Le film est plutôt sympa, superficiel sans doute, mais il témoigne avec légèreté et un réel entrain d'une dure réalité et l'on passe donc une bonne soirée. Il y a de temps à autre un peu de tension latente (quand le propriétaire découvre les sanitaires du 6e étage, quand l'une des bonnes lui apprend qu'elle ne retournera plus en Espagne à cause de Franco…). Mais cela ne va pas au-delà et le conflit n'est jamais frontal. Deux mondes se côtoient, apprennent à se découvrir et à s'apprécier, s'étonnent l'un l'autre et finissent pas sympathiser (et plus si affinités).
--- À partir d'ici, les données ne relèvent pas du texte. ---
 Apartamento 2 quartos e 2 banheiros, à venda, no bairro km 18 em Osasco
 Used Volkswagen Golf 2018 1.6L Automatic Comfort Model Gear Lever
Tout se joue symboliquement autour de la cuisson d'un œuf à la coque.
Au moment où se passe le film, les bonnes sont espagnoles. Elles ne parlent pas toujours très bien le français, l'ont parfois appris chez les sœurs. L'émigration, qui est souvent masculine, est ici féminine. Elles ont parfois laissé leur mari en Espagne ou sont mères célibataires. Elles expédient chaque mois une partie de leur salaire au pays ou économisent pour construire une maison.
C'est à cette époque que les bonnes espagnoles ont remplacé les Bretonnes. C'est réellement ce qui se passe dans le film. Les Bretonnes occupaient la place, si je puis dire, depuis des décennies. Dans la famille Joubert, la bonne c'est Germaine (interprétée par Michèle Gleizer) : elle avait été recrutée par les parents de Jean-Louis (Fabrice Luchini). Elle est encore plus rigide que son patron. Sur un clash, on la congédie et elle démissionne, l'un et l'autre simultanément : on a sa fierté quand même, quand on est depuis 25 ans dans la maison. L'affaire est réglée en quelques minutes, sans autres indemnités.
Et c'est là que surgissent les clichés. Il y en a aussi dans la relation qui se noue entre M. Joubert et les bonnes espagnoles. Il y en a dans le contraste entre Germaine et Maria, la jeune et sémillante Espagnole qui la remplace. Mais dans le cas de Germaine la Bretonne, les clichés sont de l'ordre du stéréotype. Quand elle perd son emploi, elle ne trouve rien de mieux à faire que d'aller se faire consoler chez les Espagnoles du 6e. Quelques petits coups pour la requinquer, et on la retrouve pompette, en partance dans la cour de l'immeuble, la valise à la main, titubant bien sûr… L'image n'est pas très valorisante et on ne peut pas dire que le portrait est flatteur.
On ici dans la fiction. Mais c'est gênant. On fera donc la différence avec le film de Thierry Compain, "Nous ne sommes pas des Bécassines" (2006). C'est un documentaire qui donne la parole à des Bretonnes de l'Ile-Grande ayant travaillé à Paris dans les années d'après-guerre. Un film très juste, sensible et qui témoigne d'un vécu bien différent des bonnes à Paris.